Daily Archives: September 1, 2015

Don’t Publish This Story

It seems TASS, RIA Novosti, and Interfaks got orders not to report on Pavel Bakhtin’s rampage. It’s entirely possible under Russia’s increasingly controlled media regime.

Recent military-related news focused on Arctic exercises, MAKS-2015, and Tsentr-2015 preparations, but nothing about Bakhtin from the major Russian wire services.

Smaller outlets published stories about Bakhtin, and a few larger ones (lacking the reach of big news agencies) printed bare-bones reports.

Nothing here is meant to suggest senseless and tragic incidents don’t occur everywhere men and women are under arms for the state. They do.  The U.S. has more than its sad share.  What’s different is that everywhere (except Russia) it’s the lead story on TV news, it’s front page in the largest national papers, etc.

Here’s the basic story . . .

On 26 August, Corporal Pavel Bakhtin took his automatic weapon and killed his sleeping company commander and two other soldiers.  He wounded three more (one of whom later died) before turning the gun on himself.  Some sources claim that a fifth victim died.

Pavel Bakhtin

Pavel Bakhtin

That day, 18-year-old Bakhtin — just about three months shy of demob — was a sentry for the 331st Parachute Regiment (of the Ivanovo-based 98th Airborne Division) at a field camp near Pesochnoye on the border between Yaroslavl and Kostroma Oblasts.  After duty, Bakhtin went back to the guard house without returning his weapon, and unleashed it on his comrades.

With the apparent perpetrator dead and his victims dead or seriously injured, it’ll be hard to get what happened and why.  Nevertheless, a criminal case is open.  The investigation focuses on Bakhtin’s “personal motives” for killing his fellow servicemen.

Lifenews.ru reports maybe Bakhtin flipped out because Senior Lieutenant Andrey Voronchikhin punched him in the chest half a dozen times for removing a plate from his bullet-proof vest.

Sobesednik.ru cites human rights advocate Ella Polyakova who says men like Bakhtin are usually driven to a point where they commit such a crime.  She reports that the Committee of Soldiers’ Mothers has received complaints of abuse from the Kostroma-based regiment.

Komsomolskaya pravda writes that soldiers in Bakhtin’s training company in Omsk say they knew he “wasn’t right.”  He couldn’t carry a weapon there.  They imply he had some kind of “psych file” at Omsk that got lost and didn’t follow him to his permanent unit in Kostroma.

But there are contradictory accounts saying Bakhtin’s friends claim he was a good guy who had no problems in the army.

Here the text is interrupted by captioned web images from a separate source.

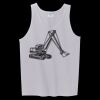 Ultra Cotton Tank Top Thumbnail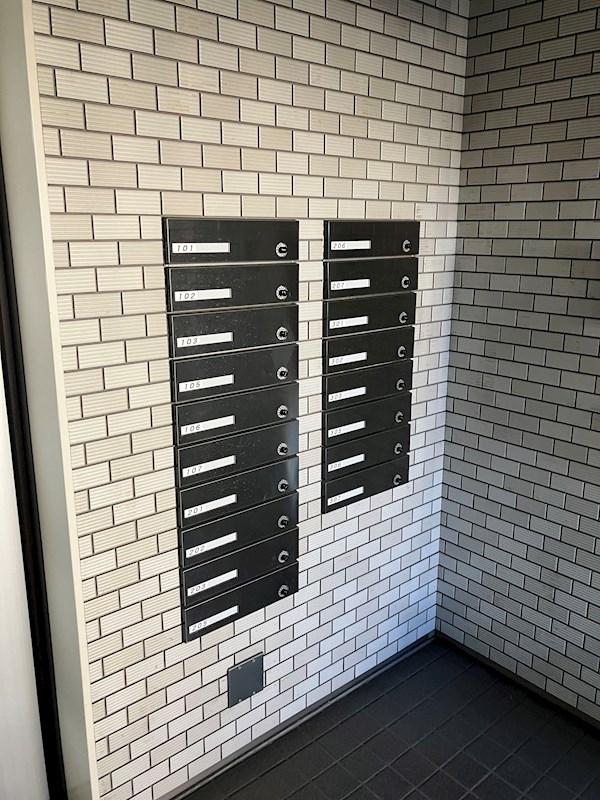 フォーリア その他9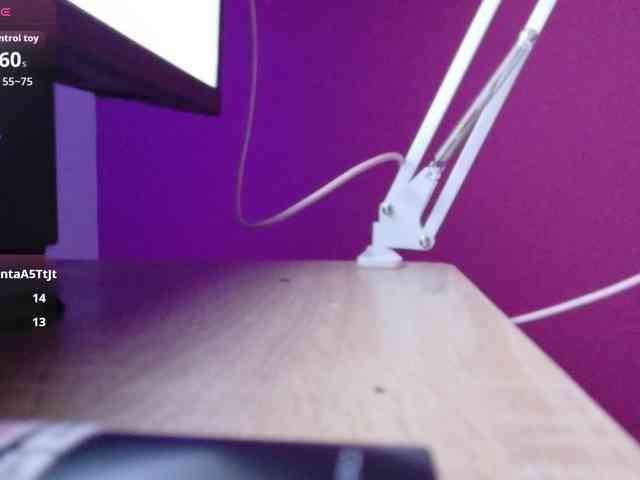 likechocolate webcam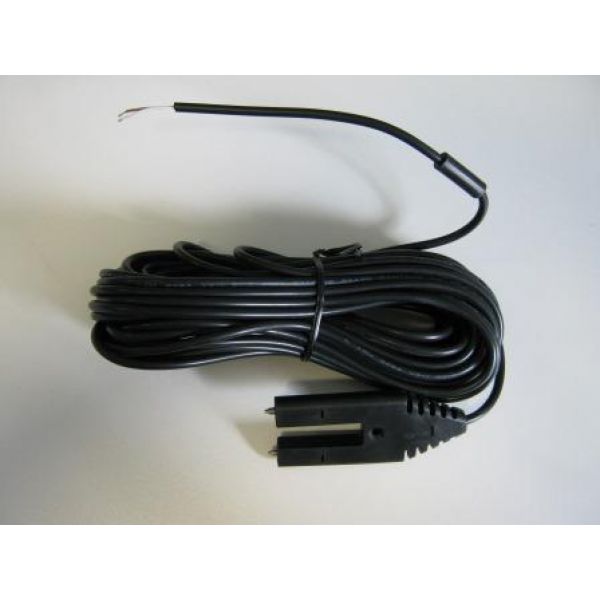 H-Tronic watersensor WS 10 - 10 meter lang, geschikt voor WPS 1000 V2 - Image 2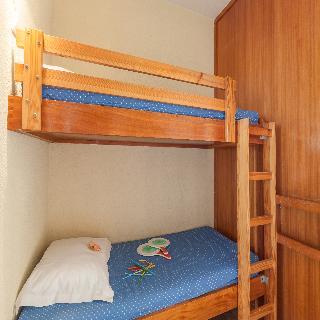 Residencia Maeva Hy�res Parc 1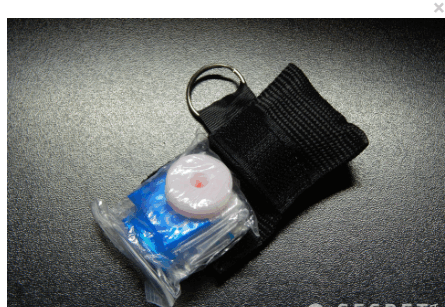 0601mnb0-f46e-445x307.png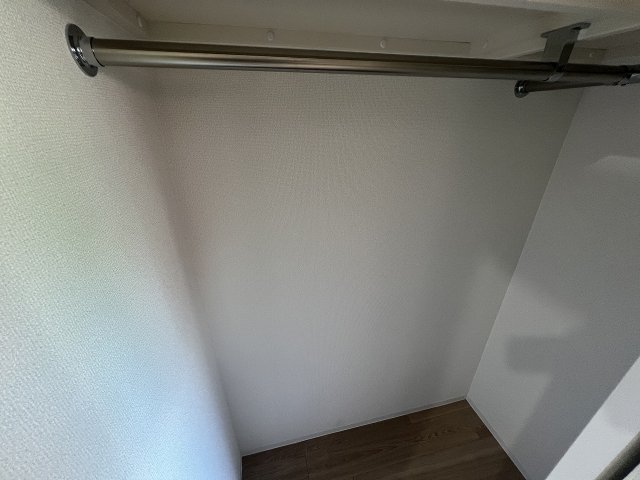 収納　※カラータイプは写真と異なります。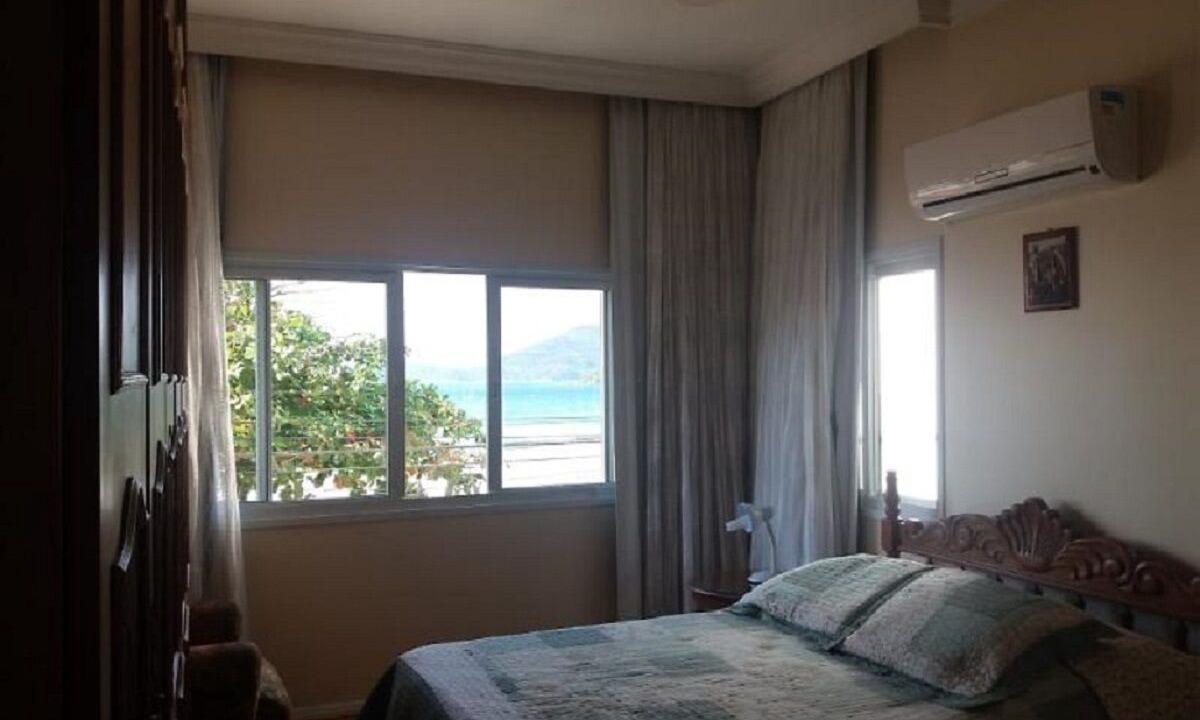 Photo of Bedroom in Centro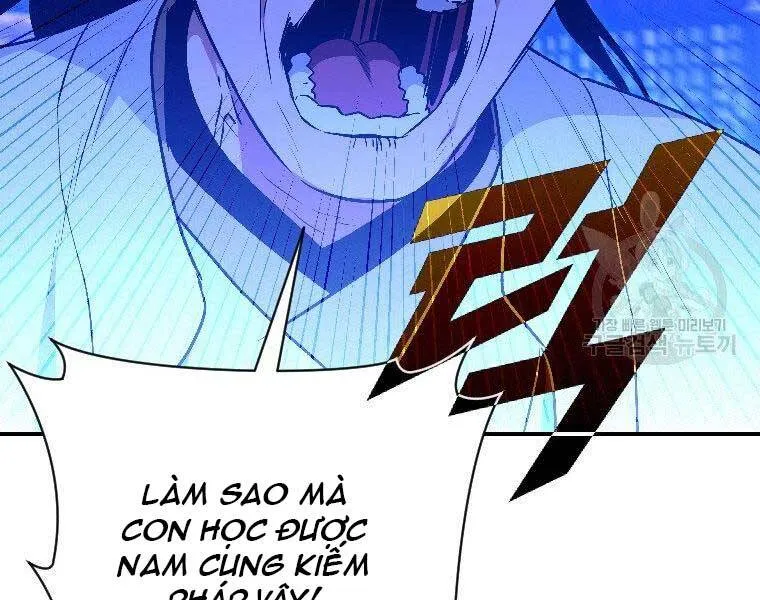 Trang 126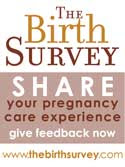 The Birth Survey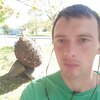 Василь, 32, г.Дубровица Василь, 32, г.Дубровица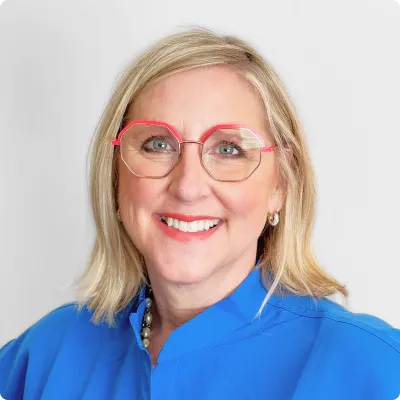 Julie Welsh, MSN, APRN, WHNP-BC, Midi Clinician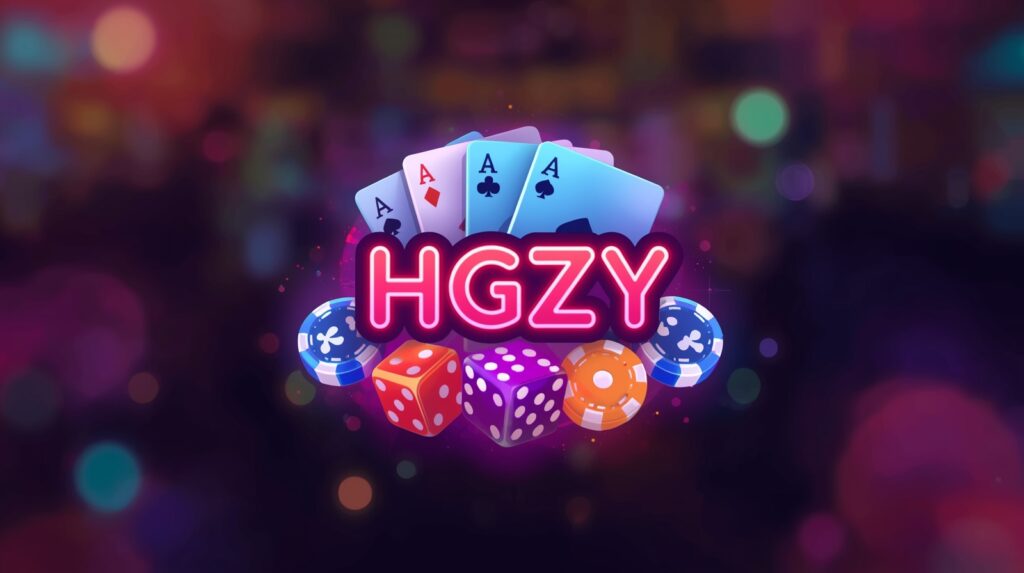 About HGNice Game – Learn More About Our Platform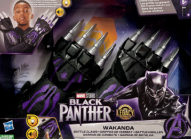 BLACK-PANTHER-WAKANDA-BATTLE-CLAWS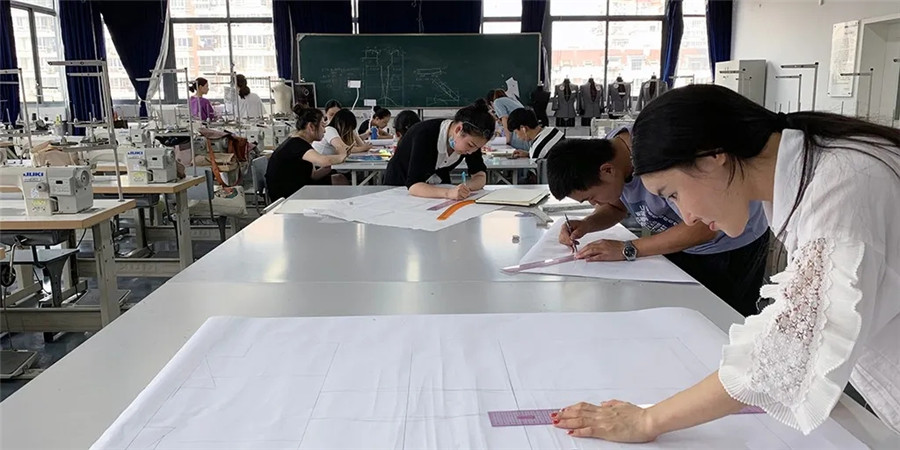 2022时装设计学校全国排名前十 2022时装设计学校全国排名前十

Gazeta.ru reports that the VDV is apparently testing (or re-testing) the mental fitness of soldiers in the Kostroma regiment.  The web site also suggests the regimental command may have leaned hard on conscripts to sign up for voluntary contract service to make its quota.  Some troops and family members assert that officers forced conscripts to sign up, and even kept them standing at attention on the parade ground for hours until 30 men joined up.

The possibly belated psych testing seems akin to checking to see if newly renovated and re-occupied airborne barracks are safe to inhabit.  Conscripts and contractees are supposed to be assessed prior to induction.

The VDV is an elite branch of service.  It gets the pick of the best available conscripts in Russia’s twice-a-year draft.  Not to mention top choice of candidates for contract service.  This kind of crime is supposed to happen in other services, not in the airborne.

The Bakhtin case may illustrate what NG suggested in 2014: Russia’s military is pressing too hard and too fast.  Pressing to fly lots of aircraft and losing some, pressing to stretch its budget and not paying its electric bills, pressing to build military housing and facilities that are sub-standard, pressing to reach 425,000 contractees by 2017 and putting the wrong people in the ranks.